═════ Dataset content

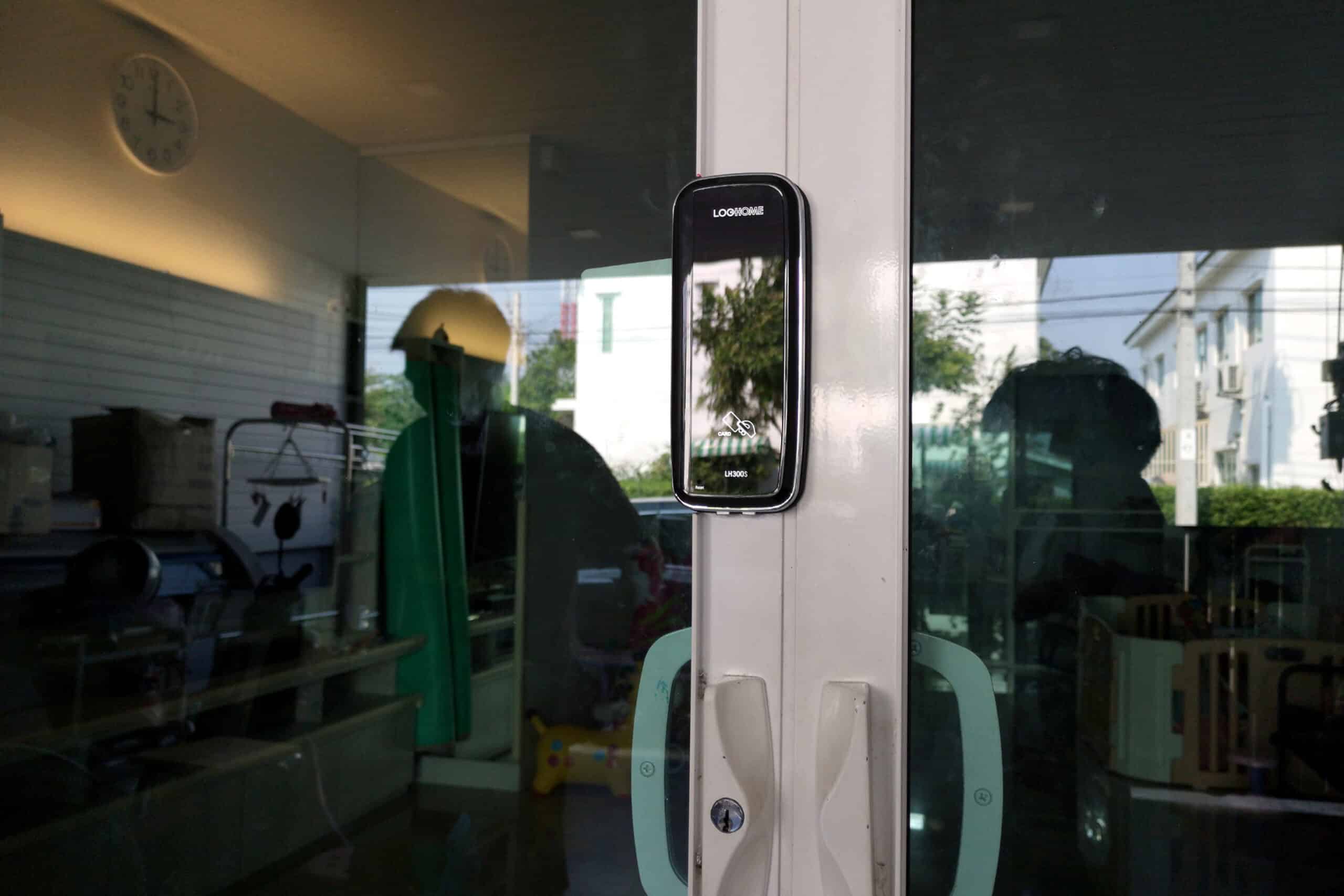 Digital Door Lock ยี่ห้อไหนดี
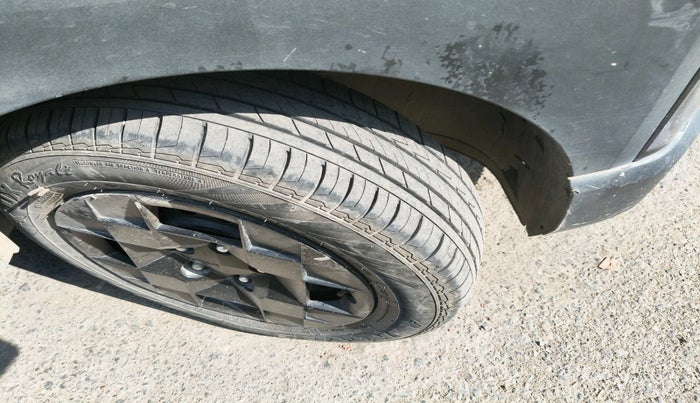 2025 KIA SYROS HTK (O) 1.0 Turbo 6MT, Petrol, Manual, 16,898 km, tyre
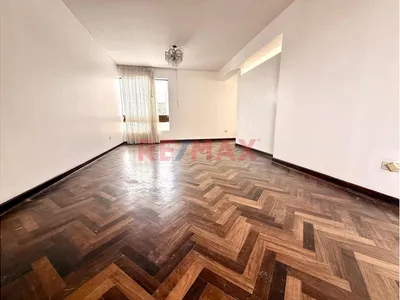 Vendo Amplio De 101M² Departamento En San Miguel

══════════

Everything in the data above gets copied exactly. Only the pictures are skipped.

 Digital Door Lock ยี่ห้อไหนดี
 2025 KIA SYROS HTK (O) 1.0 Turbo 6MT, Petrol, Manual, 16,898 km, tyre
 Vendo Amplio De 101M² Departamento En San Miguel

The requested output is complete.